Try it =>
Starting with the line that has "普孔Hotel Enjoy Pucon的一座大房子,前面设有一个游泳池" in the records below and ending with the line that has "Monochrome city map", output those lines exactly and nothing more; omit the pictures.

Records supplied =>
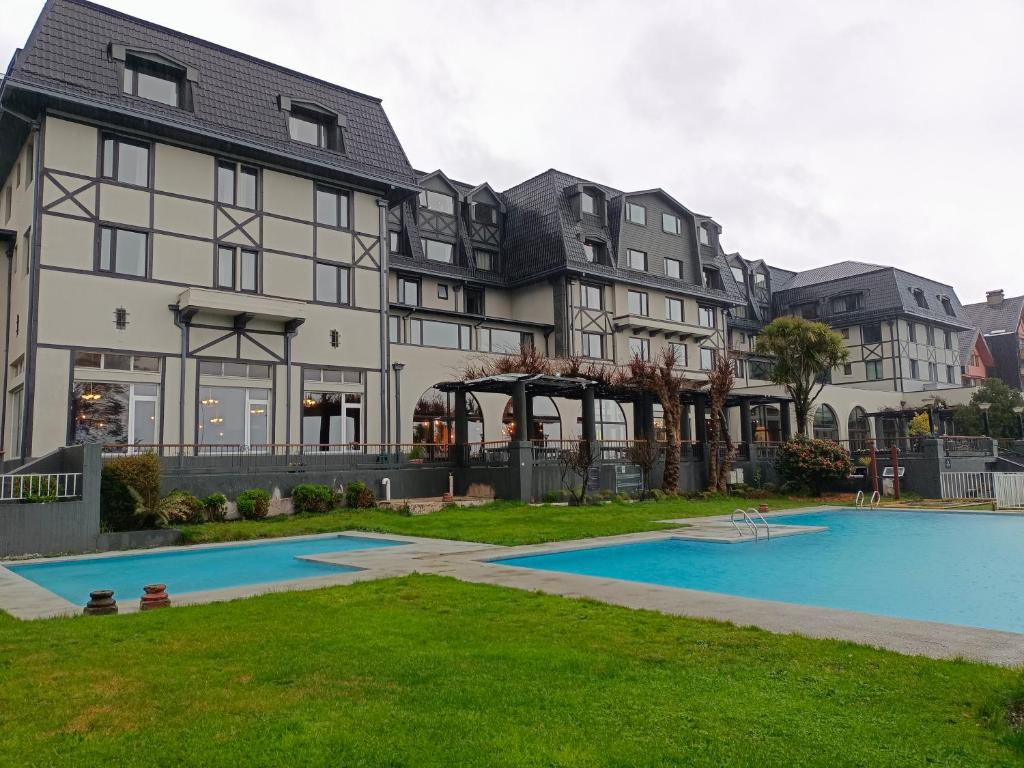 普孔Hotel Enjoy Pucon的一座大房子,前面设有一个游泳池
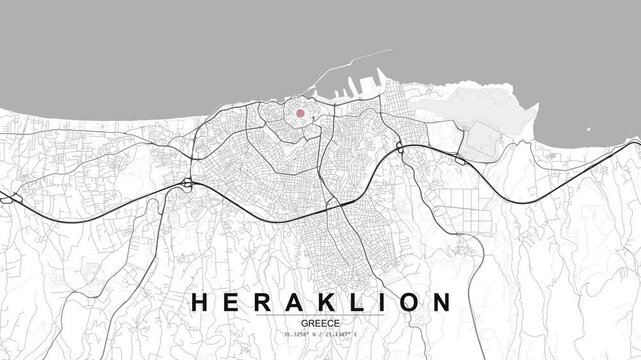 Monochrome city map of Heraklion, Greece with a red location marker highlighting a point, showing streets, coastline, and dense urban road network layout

* * *

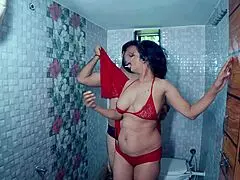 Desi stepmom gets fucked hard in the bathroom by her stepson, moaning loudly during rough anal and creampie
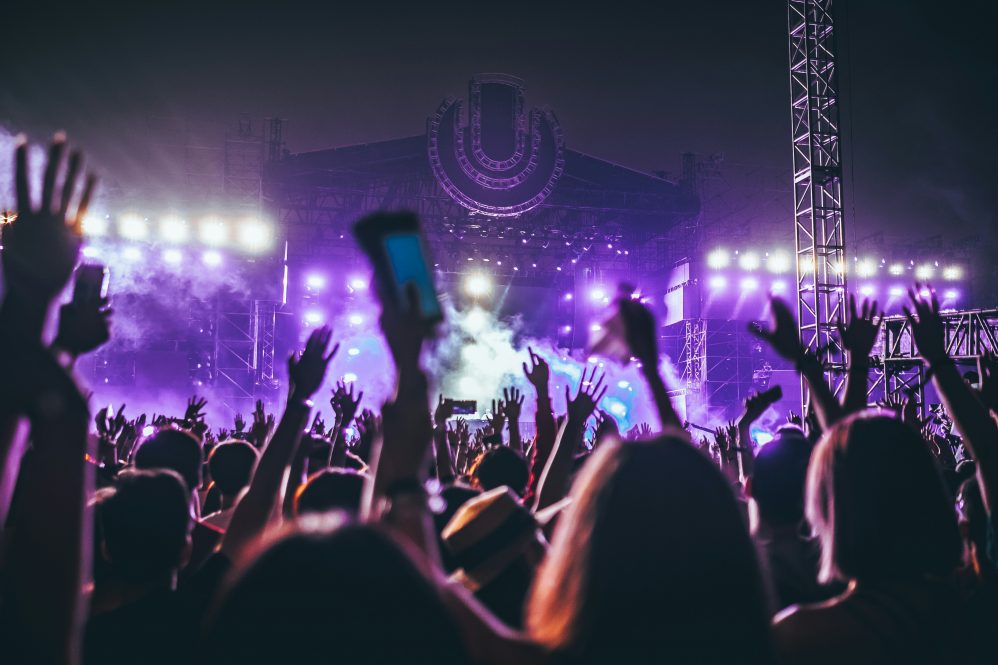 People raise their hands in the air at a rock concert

Exercise solution =>
 普孔Hotel Enjoy Pucon的一座大房子,前面设有一个游泳池
 Monochrome city map of Heraklion, Greece with a red location marker highlighting a point, showing streets, coastline, and dense urban road network layout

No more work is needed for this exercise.